And back when the traveling twin's own clock displayed t'=25, he calculated t=72.5 for the stay-home twin's clock. And at that time, the distance to the stay-home twins clock was -x'=12.99 so it follows that he should actually see the t=72.5 after 12.99 more time has elapsed, which would be at t'=25+12.99=37.99 but the closest thing on the chart is t'=38 and he sees 72.53 at that time (see the red boxes & arrows on the bottom half of the chart). That is a confirmation that his calculations for t are correct on the inbound half of the trip.

If all the inbound and outbound calculations are correct, then it follows that the t=10 calculation just before the turnaround, and the t=70 calculation just after the turnaround are both correct. The traveling twin could even visually confirm the t=70 in this same manner at his own time t'=20+17.32=37.32, but it just does not happen to be on the chart. The closest is t'=37 and he sees 68.8 at that time.
Great demonstration, but I think everybody in this thread already agreed on this, but I guess it's good to have it spelled out explicitly. Now please do the same for a calculation on the outbound leg, but with the observation on the inbound leg, because that's what we were talking about.
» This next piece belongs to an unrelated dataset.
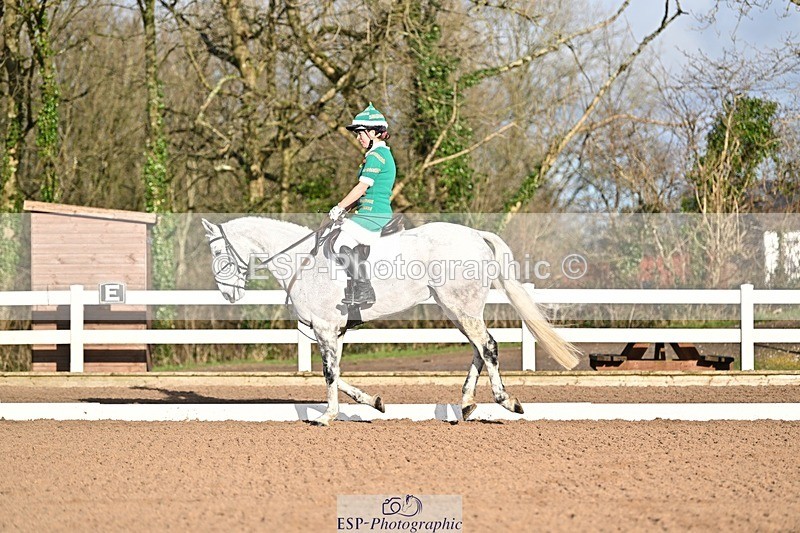 241214-111648-01354 - 105-Janine.Paterson-Machas.Grey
My point is: what does Charlie measure about his time at stand-still, now that he has been travelling again and received the information about what Alice's clock was doing at the time.

But what does Charlie now measure "really" happened back there, now that he's moved on?
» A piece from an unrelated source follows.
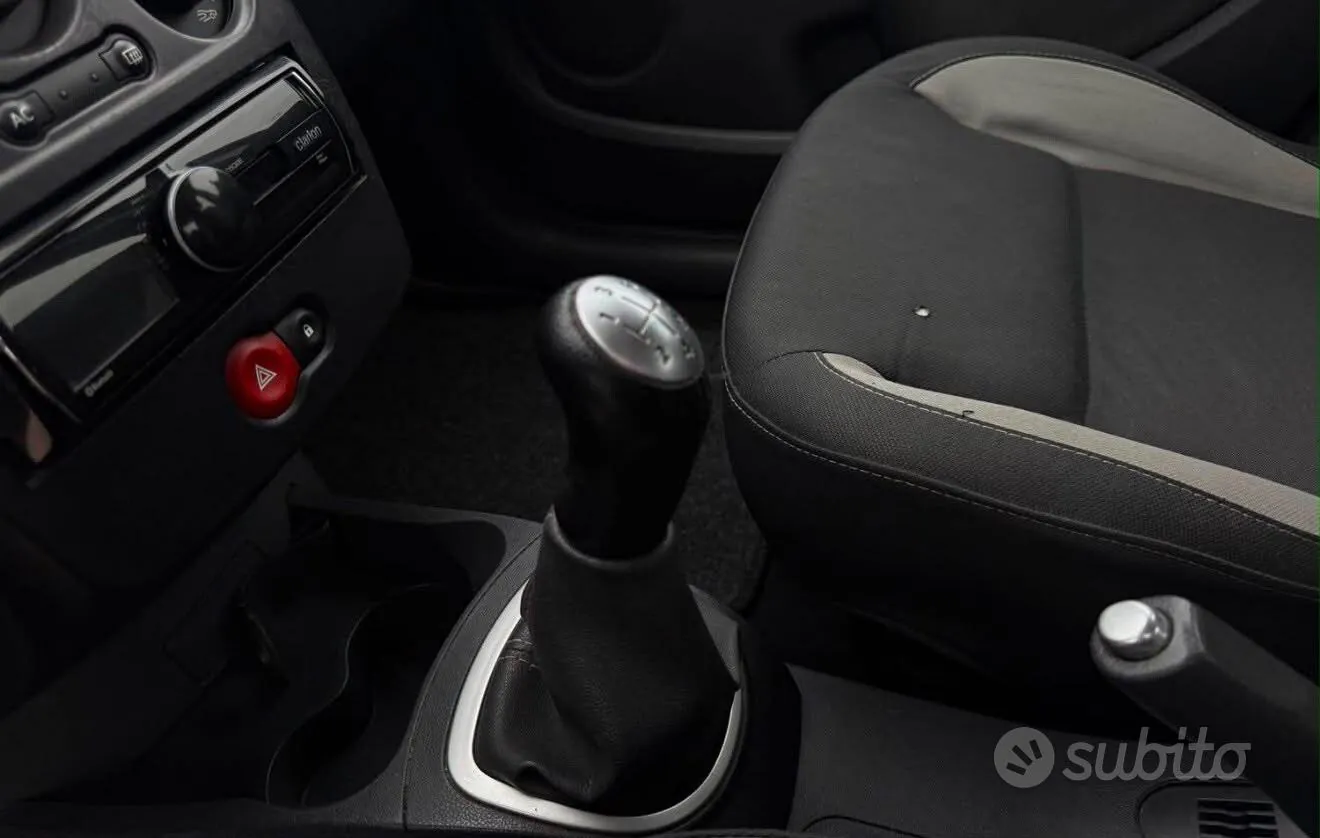 Renault Clio 2012 photo 5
It seems to me that Charlie has no choice but to say that the time "really" was t=40 in ground frame at the moment when he was on the ground. What would you say is the answer to your own question?

And what would you call that, the fact that Charlie changing frames changed what DVR is relevant to him, and his conclusions about Alice's clock? I'm still open to a better word that "overwrite".

I would call it frame-dependence. Certain things are frame-dependent. In this case, what we are really discussing is that simultaneity is frame-dependent. Charlie's moment on the ground is simultaneous with t=40 x=0, whereas Charlie's moment on the train (either just before or just after he jumps off) is simultaneous with t=10 x=0. He can only be in one frame at a time, and so only one DVR can be relevant to him at any moment.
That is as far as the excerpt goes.